SUPPLIED DATA>
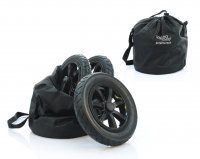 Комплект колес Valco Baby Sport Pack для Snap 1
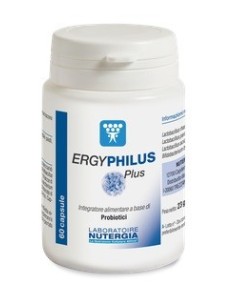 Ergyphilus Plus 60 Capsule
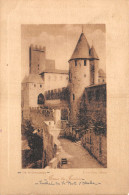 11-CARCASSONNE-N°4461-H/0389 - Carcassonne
---
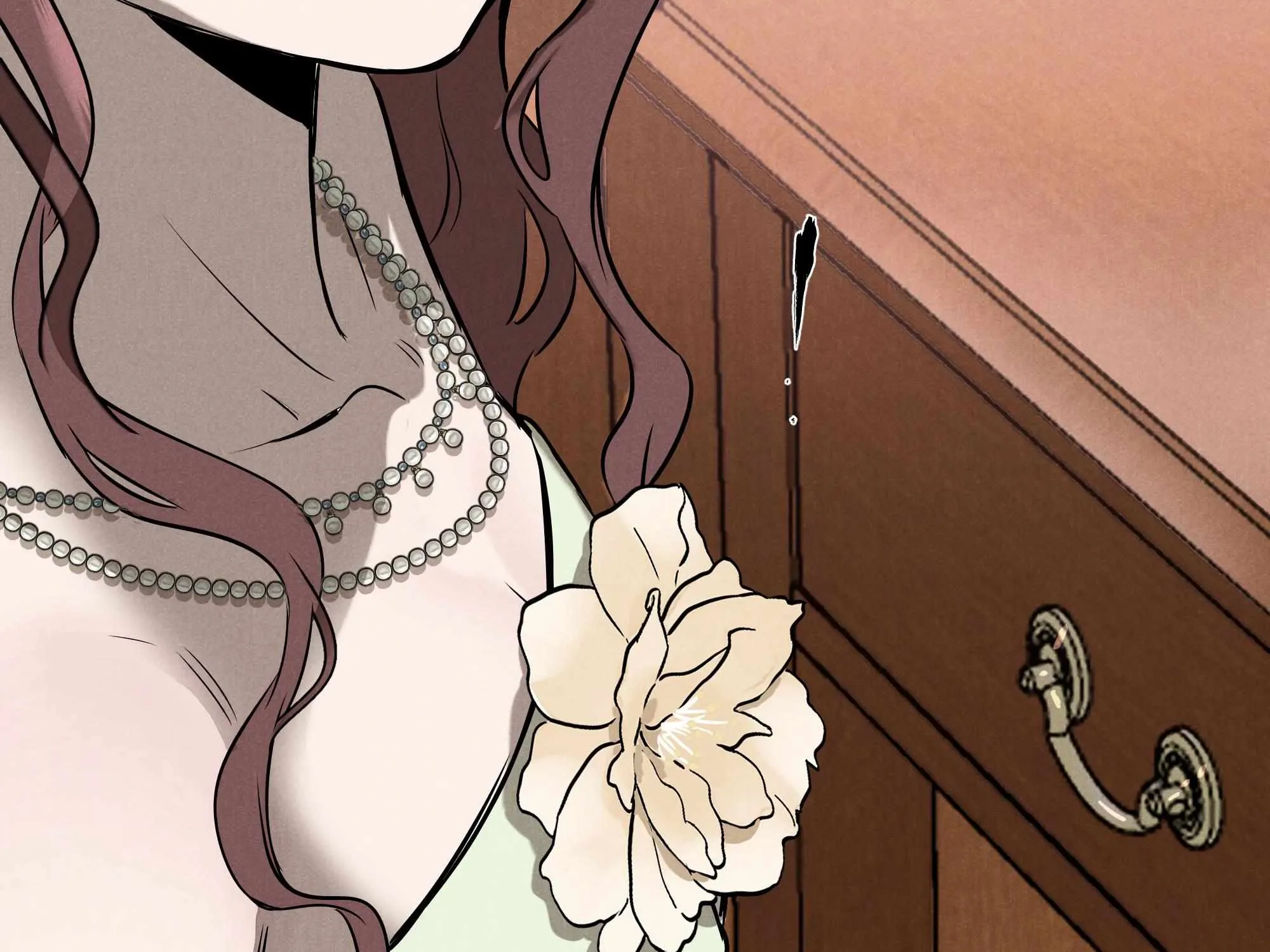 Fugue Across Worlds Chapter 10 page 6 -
---
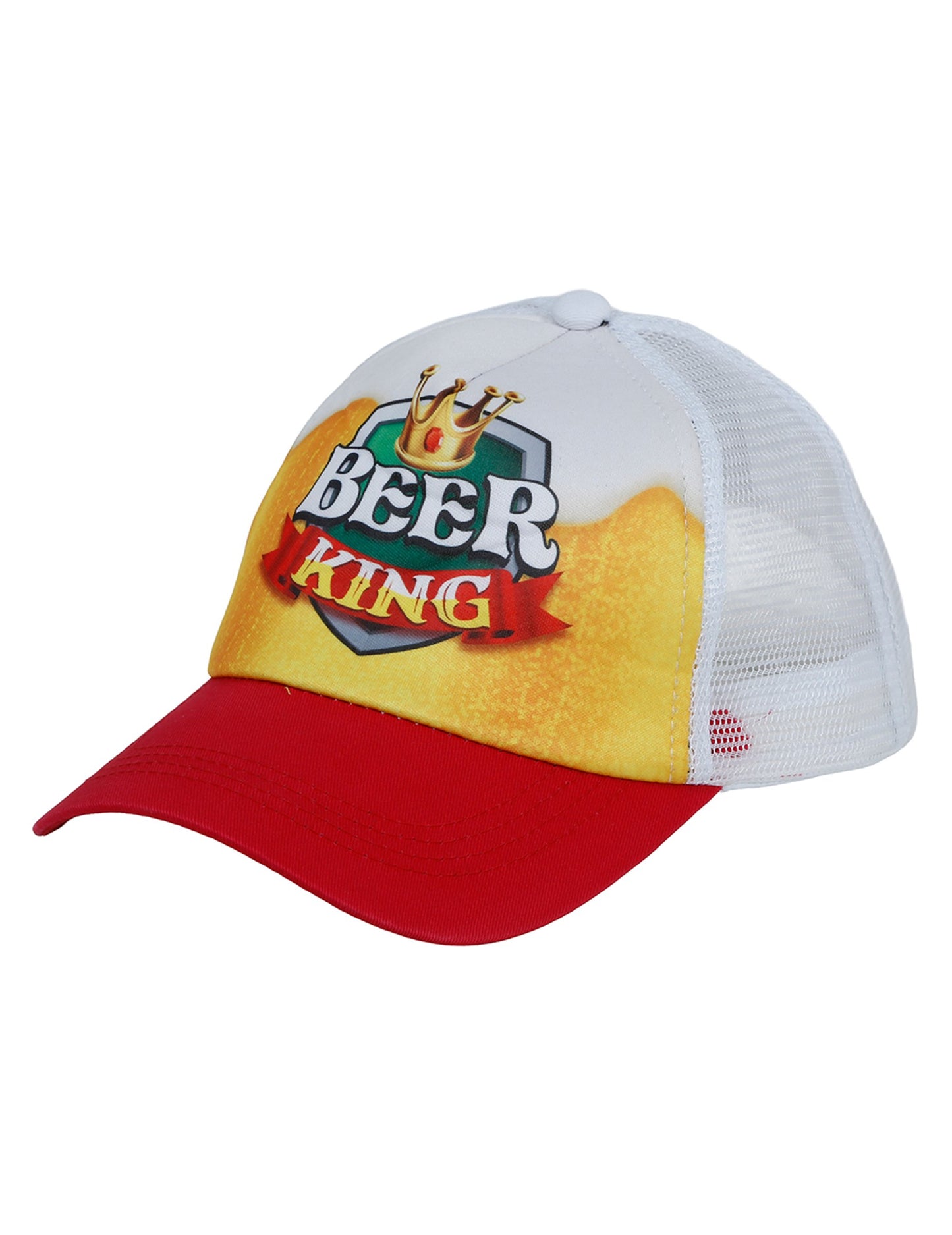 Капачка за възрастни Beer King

WHAT TO WORK ON> Starting at the line containing "Комплект колес Valco" and stopping at the line containing "11-CARCASSONNE-N°4461-H/0389 - Carcassonne", output each line exactly as it appears above. Leave out the pictures.

SOLVED PROBLEM>
 Комплект колес Valco Baby Sport Pack для Snap 1
 Ergyphilus Plus 60 Capsule
 11-CARCASSONNE-N°4461-H/0389 - Carcassonne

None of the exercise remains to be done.